CHAPTER X

It is impossible to give summaries of such chapters as these,

where almost every verse contains a separate subject. Our

common version not being able to exhibit the contents as usual,

simply says, "From this chapter to the five and twentieth are

sundry observations upon moral virtues, and their opposite

vices." In general the wise man states in this chapter the

difference between the wise and the foolish, the righteous and

the wicked, the diligent and the idle. He speaks also of love

and hatred, of the good and the evil tongue, or of the

slanderer and the peace-maker.

NOTES ON CHAP. X.

Verse Proverbs 10:1. The proverbs of Solomon] Some ancient MSS. of the Vulgate have Proverbiorum liber secundus, "The second book of the Proverbs." The preceding nine chapters can only be considered as an introduction, if indeed they may be said to make even a part, of the proverbs of Solomon, which appear to commence only at the tenth chapter.

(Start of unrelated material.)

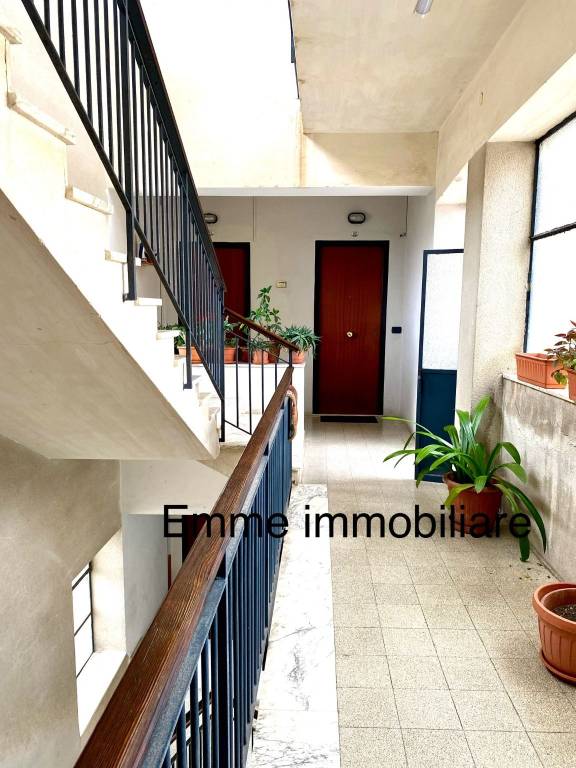 appartamento in vendita a Messina in zona Minissale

A wise son maketh a glad father] The parallels in this and several of the succeeding chapters are those which Bishop Lowth calls the antithetic; when two lines correspond with each other by an opposition of terms and sentiments; when the second is contrasted with the first; sometimes in expression, sometimes in sense only. Accordingly the degrees of antithesis are various; from an exact contraposition of word to word, through a whole sentence, down to a general disparity, with something of a contrariety in the two propositions, as: -

A wise son rejoiceth in his father.

But a foolish son is the grief of his mother.


Where every word has its opposite; for the terms father and mother are, as the logicians say, relatively opposite.